Affected Animals: Hot spots can affect dogs of any age, breed, or gender, but they occur most commonly in thickcoated/longhaired breeds, and in dogs with underlying causes such as parasites or allergies. Hot, humid weather can contribute to the development of hotspots. Hot spots occur rarely in cats.
Clinical signs: Hot spots start when a dog incessantly licks, chews or scratches a focal area of the body in response to a painful or itchy sensation. The result is a rapidly developing area of redness, hairloss, oozing and eroded skin that is often painful and infected with bacteria. Hot spots occur most frequently on the trunk, base of the tail, outer thigh, neck or face.
Diagnosis: The diagnosis of hot spot is by clinical presentation and history, and by ruling out other causes of hairloss and red skin such as skin parasites or fungal infection. Diagnostics may include close examination for fleas, skin scrapes for microscopic analysis, or fungal cultures. Additionally, it is important to identify and address the underlying cause of the hot spot, and in recurrent cases diagnostics may also include trial therapy for fleas or scabies, allergy testing, or a hypoallergenic diet trial.
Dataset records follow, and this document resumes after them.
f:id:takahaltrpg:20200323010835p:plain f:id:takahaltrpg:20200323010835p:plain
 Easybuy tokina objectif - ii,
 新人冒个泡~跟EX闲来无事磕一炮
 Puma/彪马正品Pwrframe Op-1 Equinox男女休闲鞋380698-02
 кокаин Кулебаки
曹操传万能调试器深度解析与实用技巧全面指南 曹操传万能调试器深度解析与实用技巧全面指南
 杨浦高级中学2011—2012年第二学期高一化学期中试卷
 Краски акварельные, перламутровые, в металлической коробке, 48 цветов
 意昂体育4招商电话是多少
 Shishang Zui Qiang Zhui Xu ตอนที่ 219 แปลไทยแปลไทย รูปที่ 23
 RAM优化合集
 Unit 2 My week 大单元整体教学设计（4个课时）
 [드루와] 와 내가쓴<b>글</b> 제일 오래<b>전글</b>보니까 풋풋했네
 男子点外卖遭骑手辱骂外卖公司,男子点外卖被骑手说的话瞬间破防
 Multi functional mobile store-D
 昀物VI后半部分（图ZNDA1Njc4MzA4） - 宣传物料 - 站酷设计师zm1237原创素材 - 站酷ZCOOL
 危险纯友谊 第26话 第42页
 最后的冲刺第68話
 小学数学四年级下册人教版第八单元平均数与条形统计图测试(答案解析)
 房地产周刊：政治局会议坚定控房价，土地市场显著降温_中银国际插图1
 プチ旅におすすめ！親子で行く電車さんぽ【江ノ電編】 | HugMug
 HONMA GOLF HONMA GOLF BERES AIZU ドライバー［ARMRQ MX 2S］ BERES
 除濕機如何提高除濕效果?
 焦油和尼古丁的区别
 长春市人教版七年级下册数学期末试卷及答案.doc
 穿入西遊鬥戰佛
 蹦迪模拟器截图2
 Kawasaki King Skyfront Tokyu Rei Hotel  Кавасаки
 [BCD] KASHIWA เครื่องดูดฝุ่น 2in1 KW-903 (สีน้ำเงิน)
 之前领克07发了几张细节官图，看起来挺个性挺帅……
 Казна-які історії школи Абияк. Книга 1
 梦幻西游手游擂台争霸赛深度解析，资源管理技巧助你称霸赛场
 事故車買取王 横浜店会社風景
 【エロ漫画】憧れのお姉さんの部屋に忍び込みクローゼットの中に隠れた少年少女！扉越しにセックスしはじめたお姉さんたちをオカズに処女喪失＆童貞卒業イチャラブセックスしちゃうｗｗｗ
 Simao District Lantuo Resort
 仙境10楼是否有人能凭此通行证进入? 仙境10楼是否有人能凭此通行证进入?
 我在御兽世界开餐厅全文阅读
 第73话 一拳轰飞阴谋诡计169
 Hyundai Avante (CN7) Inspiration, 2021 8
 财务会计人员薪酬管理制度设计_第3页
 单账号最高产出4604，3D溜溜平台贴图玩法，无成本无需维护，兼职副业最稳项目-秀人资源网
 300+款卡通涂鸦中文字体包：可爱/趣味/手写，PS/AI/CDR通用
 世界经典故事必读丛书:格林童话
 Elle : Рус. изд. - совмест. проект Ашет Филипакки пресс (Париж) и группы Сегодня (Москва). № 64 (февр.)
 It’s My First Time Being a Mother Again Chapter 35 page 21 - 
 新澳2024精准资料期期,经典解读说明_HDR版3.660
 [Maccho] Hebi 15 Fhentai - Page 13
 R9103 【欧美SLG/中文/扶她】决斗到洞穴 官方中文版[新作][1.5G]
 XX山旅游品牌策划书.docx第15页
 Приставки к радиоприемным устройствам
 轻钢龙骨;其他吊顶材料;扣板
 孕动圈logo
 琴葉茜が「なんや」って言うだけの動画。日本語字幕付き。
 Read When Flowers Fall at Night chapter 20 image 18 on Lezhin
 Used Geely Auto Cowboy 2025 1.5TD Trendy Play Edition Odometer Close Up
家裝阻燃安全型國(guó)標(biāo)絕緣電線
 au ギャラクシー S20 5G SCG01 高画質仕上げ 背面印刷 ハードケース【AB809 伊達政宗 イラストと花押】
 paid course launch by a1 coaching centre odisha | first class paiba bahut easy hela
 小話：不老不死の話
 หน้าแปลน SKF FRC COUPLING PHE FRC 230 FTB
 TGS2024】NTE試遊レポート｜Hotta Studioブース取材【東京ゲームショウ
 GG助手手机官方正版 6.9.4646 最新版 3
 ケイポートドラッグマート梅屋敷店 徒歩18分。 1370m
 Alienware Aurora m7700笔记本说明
Prognosis: The prognosis for cure of hot spots is good, although they will tend to recur if the underlying cause is not addressed.
Treatment: The treatment for hot spots often includes clipping and gently cleaning the affected area (this may necessitate sedation), then application of topical antibacterial and/or steroid-containing products to the area (products that contain alcohol should be avoided). Additionally, many cases need 2-3 weeks of systemic antibiotics for secondary bacterial infection, and/or a short course of oral steroids to stop self-trauma. Some dogs will need an Elizabethan collar to restrict contact with the area for several days. Treatment of the underlying cause is also important, and may include trial therapy for fleas or scabies, a hypoallergenic diet trial, or allergy hyposensitization injections based on allergy testing.
Prevention: Prevention of hotspots is done by keeping the dog clean and parasite free, and the hair coat brushed and free of mats. It is often helpful to clip long coated dogs down in the warm months. Animals with underlying allergies must have these allergies addressed to avoid hot spot recurrence.